# Fray Armatures Wanted



## Rich Dumas (Sep 3, 2008)

A fellow racer just asked me if I could spare a Fray/T-Jet SS type pancake armature, but I am out of those. The ones that I use have not been available for some time, so I looked over my list of bookmarks to see what else might be available. I already knew that Alan Galinko and Daniel Cardinale were out of business. When I checked Dynamic Armatures that was gone as well. The only places that I could find quickly that still have worked up armatures was Denis Rutherford's and ECHORR Jets.
In the past I have paid good money for armatures that looked good at first glance, but were actually only mediocre performers on the track at best. That is what you get if someone tries to make a silk purse out of a sow's ear. You might be able to improve on a junk arm, but it will just be a better junk arm that will never win a race.
So I was hoping that there still might be other active sources out there.

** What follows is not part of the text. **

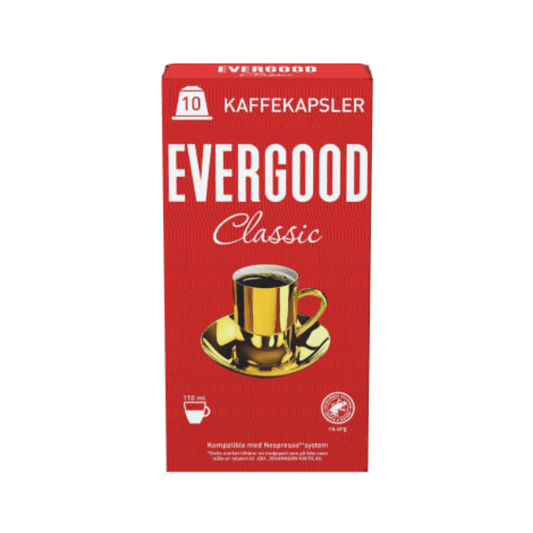 Evergood Classic Coffee Capsules 10pcs – Kaffekapsler - Scandi Candy Swedish Candy Shop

Another area of interest would be people that do custom winds.


----------



## wyatt641 (Jan 14, 2012)

tjetgrigs used to make and sell them..but he has been off the radar for quite some time now....no responses back to anyone.


----------



## Rich Dumas (Sep 3, 2008)

I did some testing with a Dash 3 lamination 16 ohm armature yesterday. I wanted to see if those would be competitive with a good worked up Aurora 16 ohm Fray/T-Jet SS armature. First I ran a T-Jet SS car with a Tornado arm that cost $28, the best lap time was a 5.691 on my ~50 foot MaxTrax. The car had a JL '70 Camaro body. I had faced off a Dash arm that measured 16.8 ohms on all three poles using a drill press. I epoxy balanced the arm using a magnetic balancer, it only took a tiny dab of epoxy on two of the poles to get the balance nearly perfect. With the Dash arm the car turned a 5.654, with the Aurora arm the car had a little more punch, but it was harder to get a perfect lap. With both arms I had the brakes turned on, but the control was turned all the way down. The track record with my best car using the same body is 5.527, that car cost $160.
The Dash arms cost $6.99 or $5.00 if you bought ten at a time.


----------



## alpink (Aug 22, 2010)

are 3 lam arms sanctioned for Fray and/or ECHORR?


----------



## Rich Dumas (Sep 3, 2008)

It has been posted elsewhere that they are, I have not confirmed that myself.


----------